Just then, through the woods Uncle Wiggily heard the sound of a drum. “Dub-dub! Dubbity-dubbity-dub!”
“Ha! I wonder if that can be Sammie Littletail, the bunny boy, coming along with his Christmas drum? If it is he can help me,” said Mr. Longears.
Uncle Wiggily, still caught fast, looked through the trees, and he saw some one sailing along in a washtub. And it was the butcher man, in his white apron and cap, with a big knife in his hand, who was drumming, with the knife handle, on the sides of the tub. And the butcher sang this song:
“Rub-a-dub-dub! Three men in a tub;
The butcher, the baker, the candlestick maker;
They all jumped over a hard baked potato.”
“Why, that’s in Mother Goose!” cried Uncle Wiggily, joyful like. “This butcher must be a friend of hers. I wonder if he could help me.”
Just then the butcher saw Uncle Wiggily caught fast in the puddle, and, stopping his washtub ship, he asked:
“Are you in trouble?”
“Trouble? I should say I was!” cried the bunny uncle. “My feet are caught fast in a tree root down under the water, and I can’t get loose. Can you help me?”

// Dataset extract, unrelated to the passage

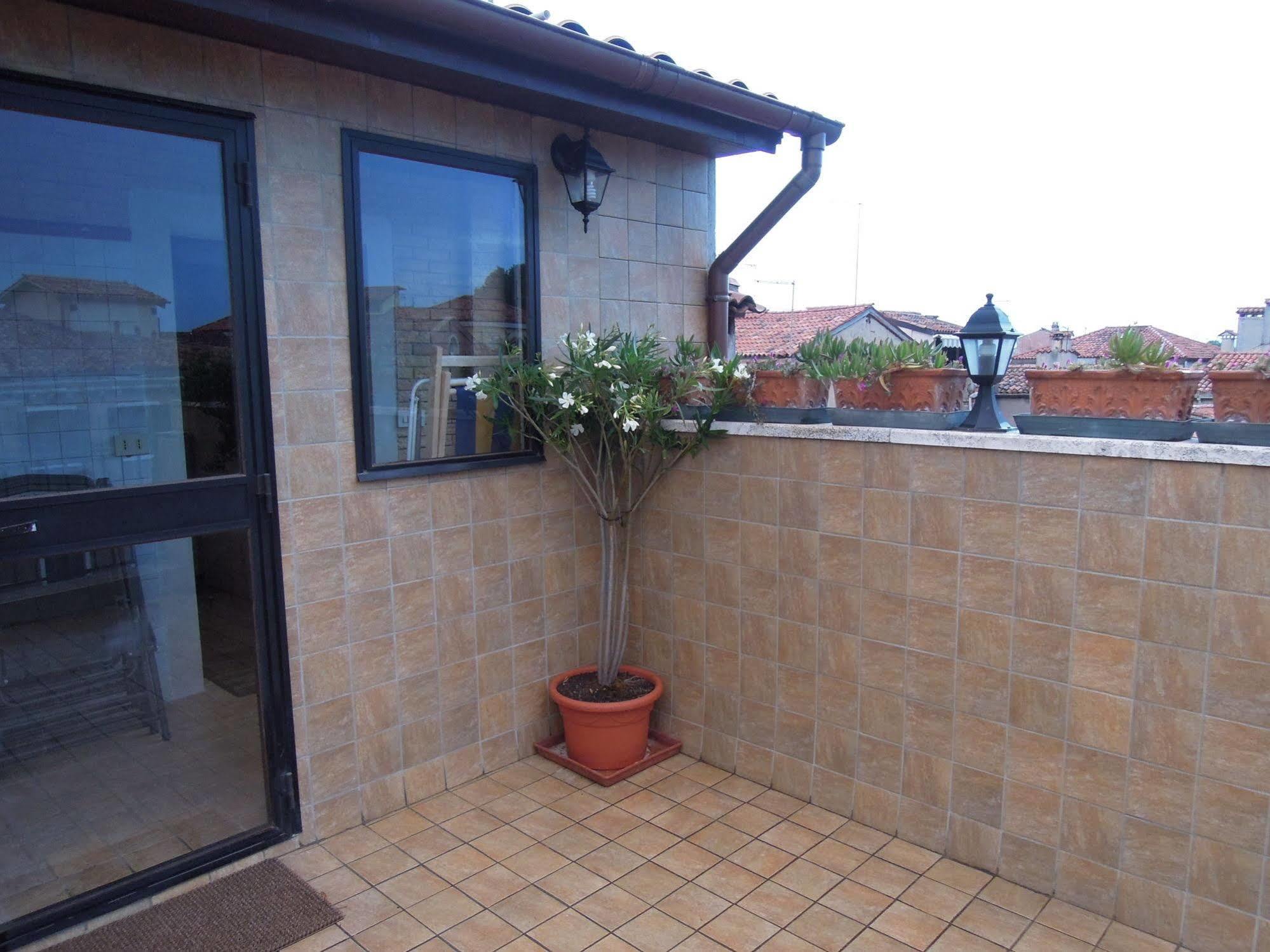 Ca' Delfina Holiday Home Venedig Exteriör bild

“I can and will,” replied the butcher. Then, with his long, sharp knife, he reached down under the puddle and cut the tree root that was holding Uncle Wiggily’s feet fast, taking care not to cut the bunny uncle’s rubber boots.

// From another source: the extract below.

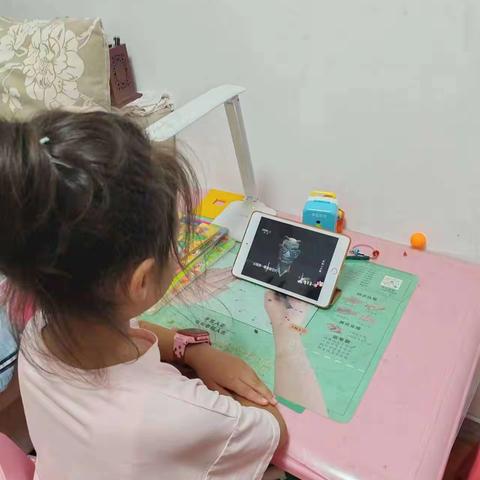 新学期新气象， 2023年《开学第一课》 准时赴约！！       在家长们的陪伴下，育才小学一年12班的同学们准时守候在电视机前观看央视《开学第一课》，共赴强国复兴梦！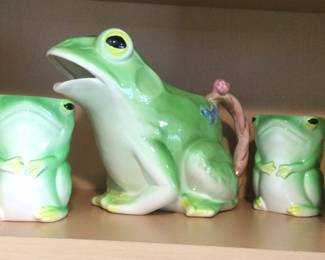 Vintage Frog Pitcher w/4 Frog Mugs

“There you are!” cried the butcher. “Now you’re loose.”
“Oh, thank you so much,” said Uncle Wiggily, hopping out of the puddle. “But, excuse me, I thought there were three of you rub-a-dub-dub men in a tub. You are only one.”
“Well, there were three of us,” said the butcher. “But since Mother Goose wrote that verse about us, after we jumped out of the baked potato, we grew so large that three of us had hard work to fit in one tub. So now we each have a tub to ourselves. Now I must sail on. The baker and candlestick maker and I are having a tub-boat-race. I hope I win. Good-by!”
And on he sailed in his tub, while Uncle Wiggily, his feet no longer caught fast, went safely on to his hollow-stump bungalow through the rain with the groceries.